> **WHAT TO PRODUCE**
Write out, exactly and in full, the line where "Gun Bay Beachfront" appears together with all lines that follow it in the entries below. Do not include pictures.

##### TASK INPUT

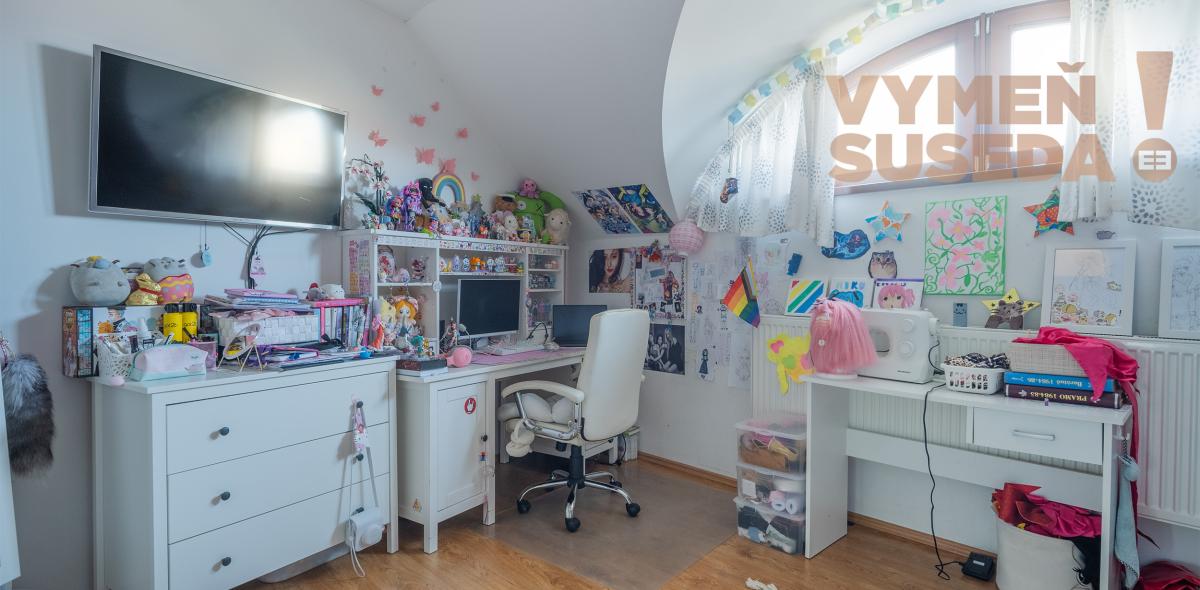 VYMEŇ SUSEDA! – Priestranný nízkoenergetický dom s dvoj-garážou, zimnou záhradou 306m2, 10 a  pozemok, TOP lokalita Dunajská Streda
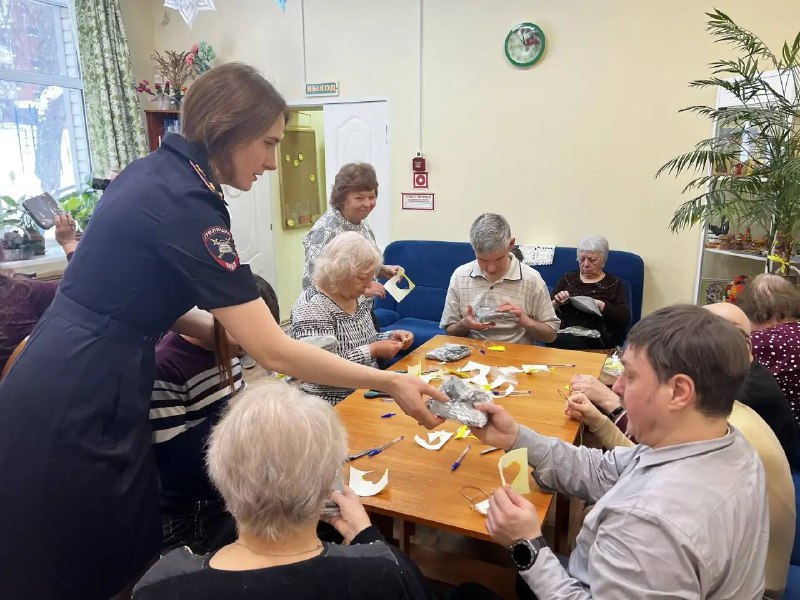 Сотрудники отдела Госавтоинспекции по городу Туле провели мастер-класс по изготовлению световозвращающих элементов для людей «золотого возраста» Сотрудники отдела Госавтоинспекции по городу Туле провели мастер-класс по изготовлению световозвращающих элементов для людей «золотого возраста»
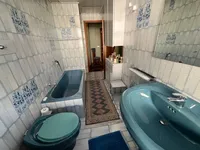 Недвижимость Four-room apartment in the City Center: 25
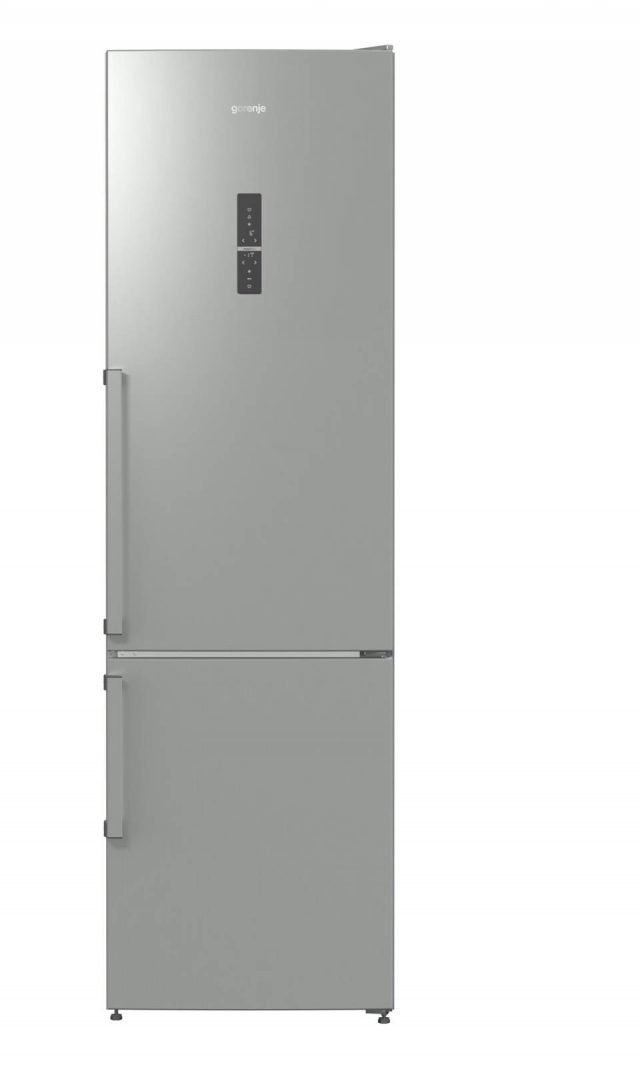 Il frigorifero NRK6203TX di Gorenje in classe A+++ ha un sistema intelligente per mantenere la temperatura all’interno ottimale indipendentemente da quanto spesso si apre la porta e ottenere così risparmi elevati sul consumo di energia. E’ attrezzato con cassetti e vani specializzati come il CrispZone per frutta e verdura dove temperatura e umidità possono essere regolate. Ha capacità totale di 334 litri e congelatore con tasto per la congelazione rapida. Misura L60xP64xH200 cm. Prezzo 999 euro. www.gorenje.it Il frigorifero NRK6203TX di Gorenje in classe A+++ ha un sistema intelligente per mantenere la temperatura all’interno ottimale indipendentemente da quanto spesso si apre la porta e ottenere così risparmi elevati sul consumo di energia. E’ attrezzato con cassetti e vani specializzati come il CrispZone per frutta e verdura dove temperatura e umidità possono essere regolate. Ha capacità totale di 334 litri e congelatore con tasto per la congelazione rapida. Misura L60xP64xH200 cm. Prezzo 999 euro. www.gorenje.it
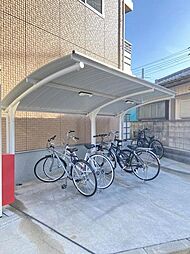 大切な自転車保管時の雨ざらし回避のための屋根付きサイクルポート付き♪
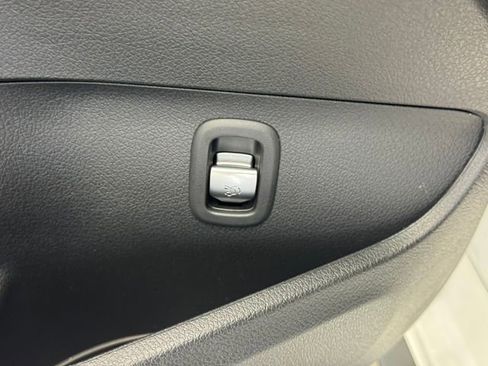 New 2026 Mercedes-Benz C 43 AMG 4MATIC Sedan image 38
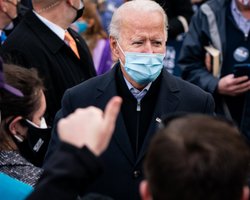 Байден вырвался в лидеры в одном из ключевых штатов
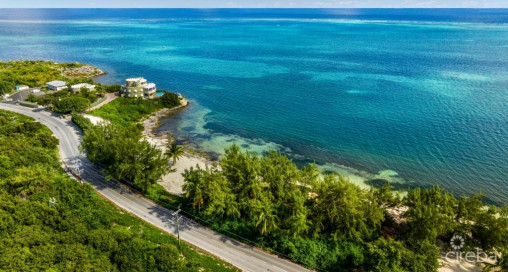Gun Bay Beachfront Development Site  East End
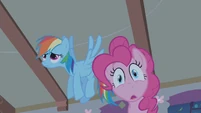 StrangePinkieFace S01E09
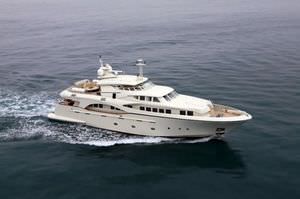 super-yacht di lusso tradizionale / con cabina di pilotaggio / dislocante / su misura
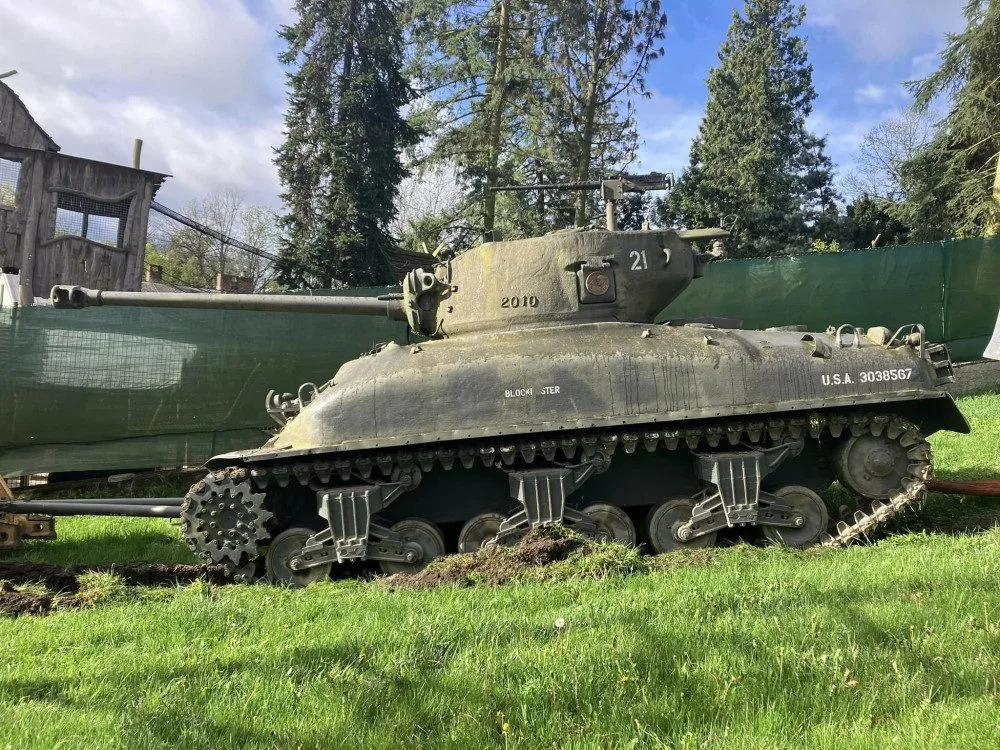 Tank Sherman odcestoval ze ZOO do dílny, zdobit pak bude dvůr muzea ve slavném domě s Loosovými interiéry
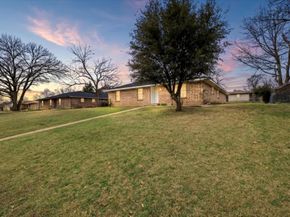 121  Hillside Lane , DeSoto Texas 75115
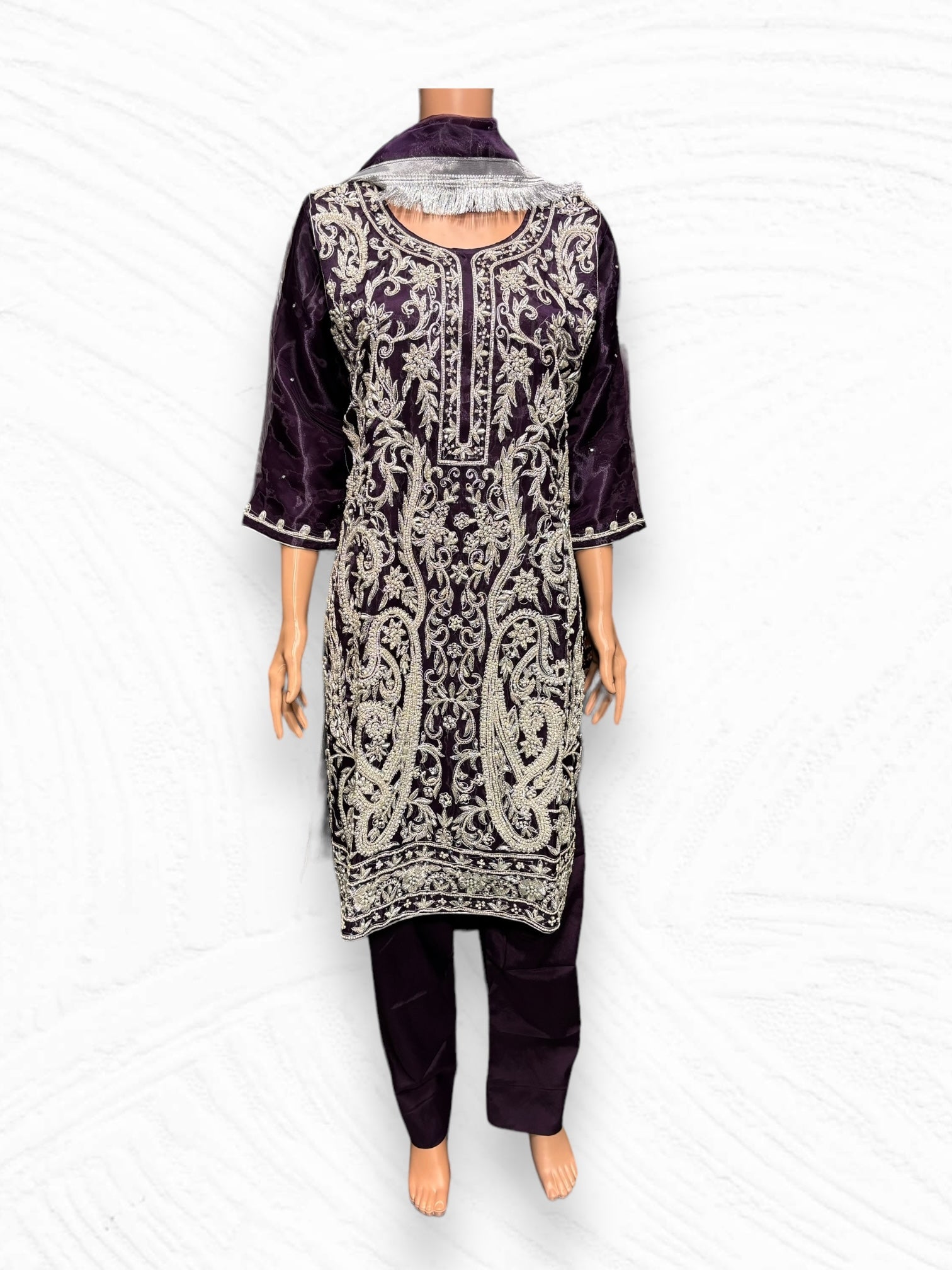 Traditional designer handwork Salwar Kameez ensemble by Saree Ghor Charlotte, featuring intricate ethnic embroidery for women.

##########

> **ANSWER AREA**
Gun Bay Beachfront Development Site  East End
 StrangePinkieFace S01E09
 super-yacht di lusso tradizionale / con cabina di pilotaggio / dislocante / su misura
 Tank Sherman odcestoval ze ZOO do dílny, zdobit pak bude dvůr muzea ve slavném domě s Loosovými interiéry
 121  Hillside Lane , DeSoto Texas 75115
 Traditional designer handwork Salwar Kameez ensemble by Saree Ghor Charlotte, featuring intricate ethnic embroidery for women.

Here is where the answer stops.